Ogilvy builds on Mad Men legacy to fight digital upstarts

Gideon Spanier
28 Jun 2011


David Ogilvy, the all-conquering British ad man and author whose agency Ogilvy & Mather was an inspiration for TV drama Mad Men, would have expected nothing less on his 100th birthday.

At last week's Cannes Lions festival of advertising and creativity, Ogilvy bosses celebrated their founder's legacy with a series of lectures and parties.

They also painted the town red (the agency's signature colour) with a red carpet which ran more than a mile along the Croisette beachfront, along with red lighting - to ensure rival agency bosses and clients took notice at the ad industry's annual pow-wow.

There is little risk that Ogilvy, whose memorable campaigns for clients such as Schweppes, Rolls-Royce and Dove soap brimmed over with panache and confidence, would be forgotten after his death in 1999.

His books, notably the million-selling Confessions of an Advertising Man (1963), are still fresh - full of pithy points about not only advertising but also business. Sample quote: "Hire people who are better than you are, then leave them to get on with it." Underpinning it all were Ogilvy's core beliefs in creativity ("unless your campaign contains a Big Idea, it will pass like a ship in the night"), the need for risk-taking and mavericks ("tolerate genius"), the importance of a financial return for clients ("we sell - or else"), and civility ("we like people with gentle manners").

With such a treasure trove of bon mots, it is no surprise to learn that when Ogilvy's 18,000 global staff log onto their email, a quotation from the founder pops up on screen every day.

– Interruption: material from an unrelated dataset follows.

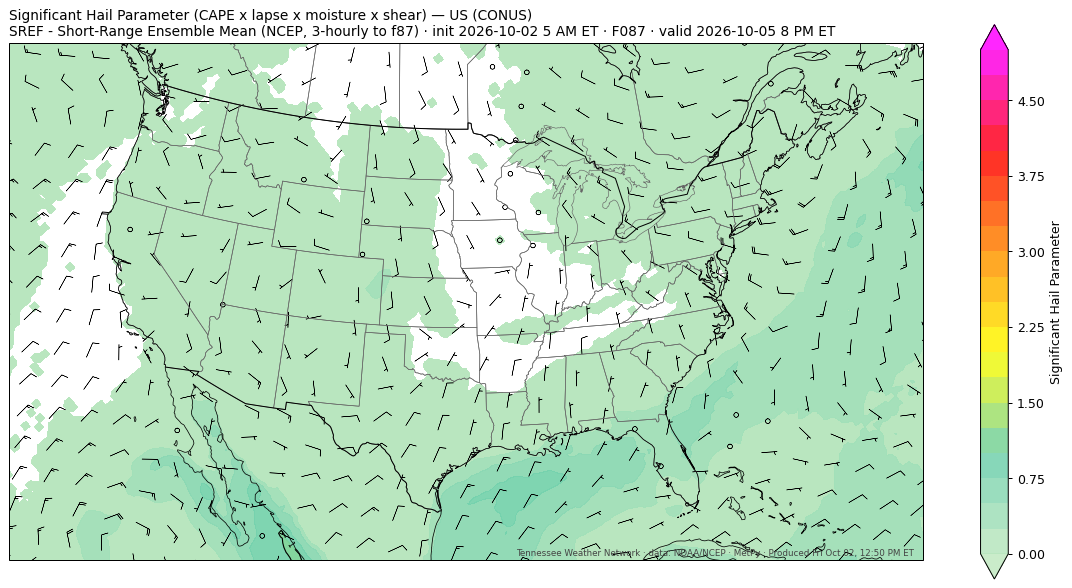 Current Significant Hail Parameter composite map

But history alone is not enough to sustain any business. On the Croisette, there were plenty of reminders of the new competition, not least from Google, Microsoft and Yahoo!, each of which took over a swanky beachfront spot to entertain during Lions week.

The digital upstarts from the ad agency world are very much at the forefront of the minds of Ogilvy's present leadership, chief executive Miles Young and worldwide creative director Tham Khai Meng, when we meet at Cannes. The duo believe their agency, founded in 1948 and part of Sir Martin Sorrell's WPP since 1989, has the rich legacy and innate culture of creating big ideas that the new breed of digital agencies sorely lack. What's more, now that digital pervades everything, the "pure-play" digital agency no longer has a unique selling-point.

"We've suffered from five years of vendor-led digital propaganda," says Young, a Briton, who has been at Ogilvy almost 30 years and became chief executive in 2009. "Digital is seen as a separate channel, a discipline in its own right, and it isn't. Clients are beginning to understand that.

"Digital pure-play is silo-thinking. It is doomed to dissolve into the system."

Khai, born in Singapore but trained at Central St Martin's and the Royal College of Art in London, chimes in: "In the end, the Emperor doesn't have any clothes." Pure-play digital agencies don't understand the importance of narrative and ideas, he adds. "Digital agencies really want to be like us. They want to understand big brands and they don't."

Ogilvy's founder would be pleased to see his successors come out fighting. Young, who is based in New York, where he shares a long desk with Khai, admits: "In the digital revolution, after a period where agencies completely lost confidence amid the confusion and uncertainty, there is some sense of reality coming back." The group remains one of the world's biggest ad agency networks. Close to 1500 work in London and there are now 4000 in China. More than a quarter are involved in digital.

The group has five main businesses: ad agency Ogilvy & Mather is still the largest; direct-response agency Ogilvy One is next biggest; and then there are public relations, healthcare and a shopper-marketing arm, Ogilvy Active.

The company keeps the legacy alive by holding regular meetings at Ogilvy's Château de Touffou. His widow, who still lives there, was in Cannes for last week's events. Young even used an old video of Ogilvy "presenting from the grave" for a recent client pitch.

Like many agency bosses, Young and Khai see the lines blurring between traditional advertising and other marketing disciplines. They talk about Ogilvy moving "from being the generator of messages to the producer of content" which consumers can share.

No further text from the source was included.